I never thought I could be a doctor. I used to faint at the sight of anything medical.
I was 13 years old. Our class was attending a birds and the bees talk. I sat with 50 other kids on the steps of a mini-amphitheater. The teacher pointed to the large plastic uterus. Tunnel-vision, weak all over... My teenage survival instincts told me to pretend to sleep on the steps. The other pre-syncopal teens with heads bowed evidently had a similar inner voice.
As an orderly in a local hospital I watched a well-intentioned nurse insert a urinary catheter. The world became a tunnel, I soaked with sweat and the chair on wheels ran away as I grappled to sit. Suddenly I was the focus of attention. Where was I?

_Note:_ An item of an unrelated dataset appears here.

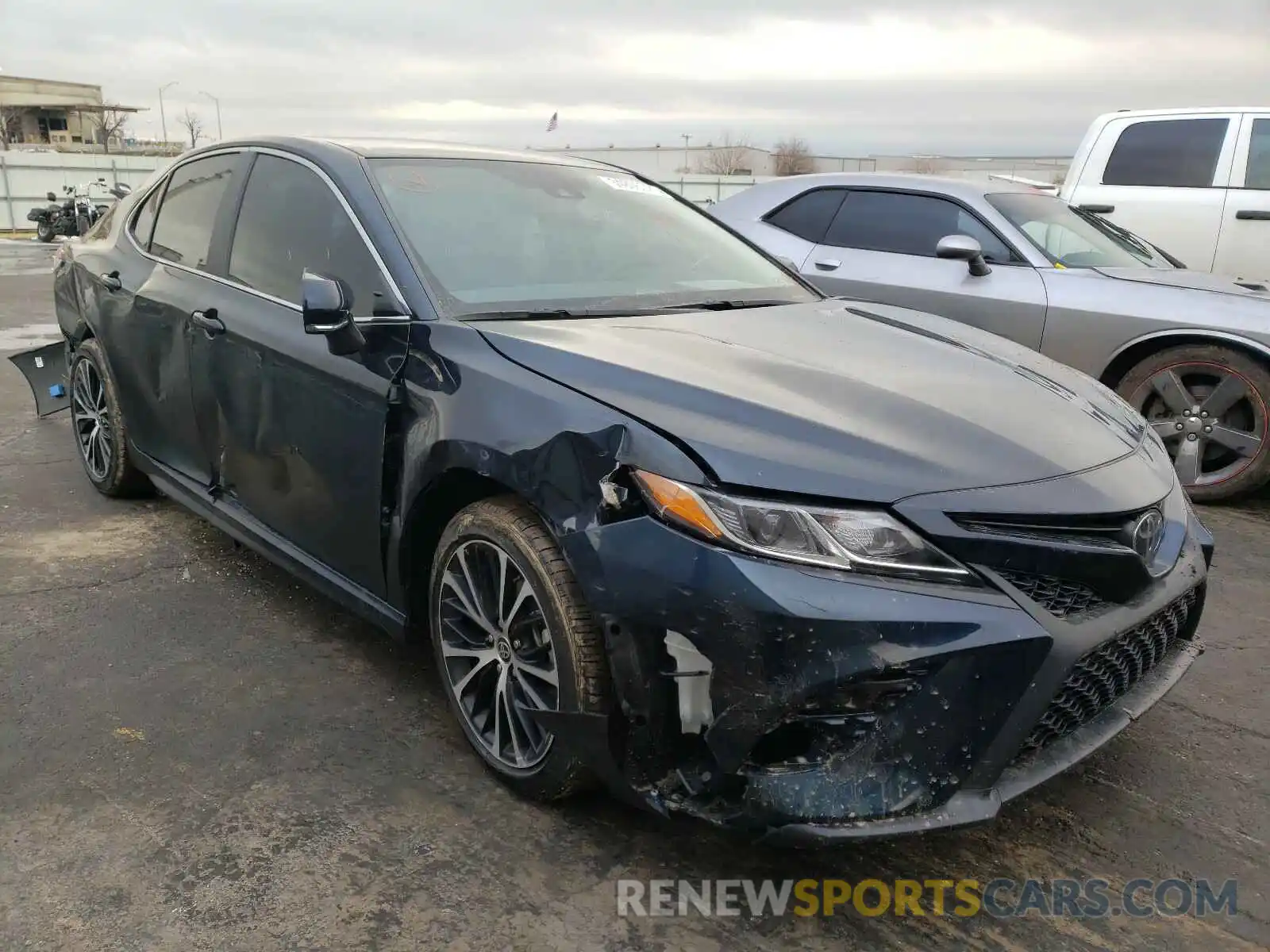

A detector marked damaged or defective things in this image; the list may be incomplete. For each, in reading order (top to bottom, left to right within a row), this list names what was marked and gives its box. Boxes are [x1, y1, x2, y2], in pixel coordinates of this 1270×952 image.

We dissected a placenta in medical school. I hobbled in my black-out fog to the more private bathroom.
As a resident emergency physician I was peeling fruit and accidentally created a 3 mm cut in the web space of my left hand. I gently explored my dinky incision. I awoke on the kitchen floor. Then I ate the apple.
I no longer pass out at the site of anatomy, pathology and procedure. Some switch turned on (or off). Medicine moved from the emotional "passing out" section of my brain…to the logical, analytic "red blood cells have no nuclei and mitochondria is inherited from the mother" part of my brain. I forget that these things used to be gross. I have extended periods of consciousness.